Além disso, a individualização dos contratos de trabalho e das remunerações está muito em voga, assim como uma profusão de contratos atípicos como os contratos a termo certo e a tempo parcial a fim de converter uma parte das despesas fixas associadas às remunerações em custos variáveis e, por último, aumentar os benefícios e, consequentemente, o rendimento por acção (return on equity). Em 1992, 25,4 % dos trabalhadores estavam abrangidos por um contrato a termo ou a tempo parcial. Em 2005, a percentagem subira para 33 %. A profusão deste tipo de contratos precários alargou-se a um ritmo mais rápido do que a criação de emprego em todo o período (excepto em 2005) e, no tocante aos contratos a termo, apenas 33 % conduziram a um contrato sem termo (contra 22 % a não emprego e 39 % a um outro contrato do mesmo tipo) (21).

5.2.2

Essa situação levanta novos riscos para os trabalhadores e as empresas:

as empresas não investem nesses trabalhadores móveis e estes não se esforçam, não se sentindo envolvidos na empresa e receando que os benefícios líquidos actualizados da formação não se revelem positivos (22)  (23);

o capital humano que é cada vez mais específico das empresas na sociedade do conhecimento é pouco móvel (ou seja, não é verdadeiramente transferível de uma empresa para outra) (24);

os representantes dos trabalhadores deixaram de conseguir identificar quem são os interlocutores a quem se devem dirigir no quadro do diálogo social, resumindo-se o «seu dirigente» a uma atomização de accionistas flutuantes a quem não conseguem «atribuir um rosto»;

os trabalhadores entram em competição:

ao nível mundial, devido à forte mobilidade do capital produtivo e do capital financeiro e à duplicação do número de trabalhadores que participam na economia no seguimento da dissolução do bloco soviético e da entrada na cena internacional da China e da Índia, por exemplo;

ao nível nacional, devido à taxa de desemprego, à proliferação de empregos de fraca qualidade que reforça o valor dos empregos de qualidade e ao paradoxo da formação: por um lado é de bom tom recordar a necessidade de formação e a inadequação das competências, por outro lado cerca de um trabalhador em três considera-se demasiado qualificado para as competências exigidas pela sua actividade profissional, os menos qualificados e os trabalhadores temporários não têm possibilidades suficientes de formação;

essa competição é ainda mais viva na medida em que a mobilidade dos trabalhadores é relativamente limitada devido à conservação de períodos transitórios nas legislações em matéria de migração económica segundo as quais o acesso de um estrangeiro a um mercado de trabalho está condicionado à existência de carências em certos grupos profissionais (restrições políticas), ou à ausência de progresso real em matéria de transferência de pensões, ou a um sobreaquecimento do mercado imobiliário (restrições socioeconómicas) ou a conhecimentos linguísticos insuficientes (restrições culturais).

5.2.3

Há que encontrar um novo equilíbrio entre os accionistas e os trabalhadores. Para além da deformação da partilha do PIB entre «capital» e «trabalho» e os elementos mencionados supra, o desequilíbrio reflecte-se igualmente numa evolução exponencial dos mercados financeiros e bolsistas ao longo dos últimos anos que contrasta com um direito do trabalho que evoluiu no sentido contrário, não fornecendo, portanto, aos trabalhadores protecção suficiente (tanto em termos contratuais como em matéria de formação contínua (25), por exemplo). Isto indica que a flexibilidade (e maior precariedade) do trabalho se torna uma variável de ajustamento para as empresas.

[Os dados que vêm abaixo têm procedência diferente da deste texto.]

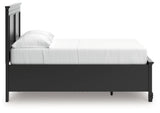 Lanolee Black Full Panel Storage Bed (Online Special Price) - Ornate Home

Evolução por «submodelo» social

 

 

Capitalização bolsista/PIB

Protecção dos trabalhadores

Média

País

1990

2003

1990

2003

Modelo anglo-saxónico

UK, EUA, Canadá, Austrália

54

119

0,63

0,73

Modelo escandinavo

FI/DK/SE

28

85

2,71

1,89

Modelo continental

FR/DE/AT/BE/NL

30

59

2,79

2,30

Modelo mediterrânico

IT/ES/EL

16

57

3,67

2,61

Japão

 

98

70

2,10

1,84

N.B.: Não há dados disponíveis para os novos Estados-Membros.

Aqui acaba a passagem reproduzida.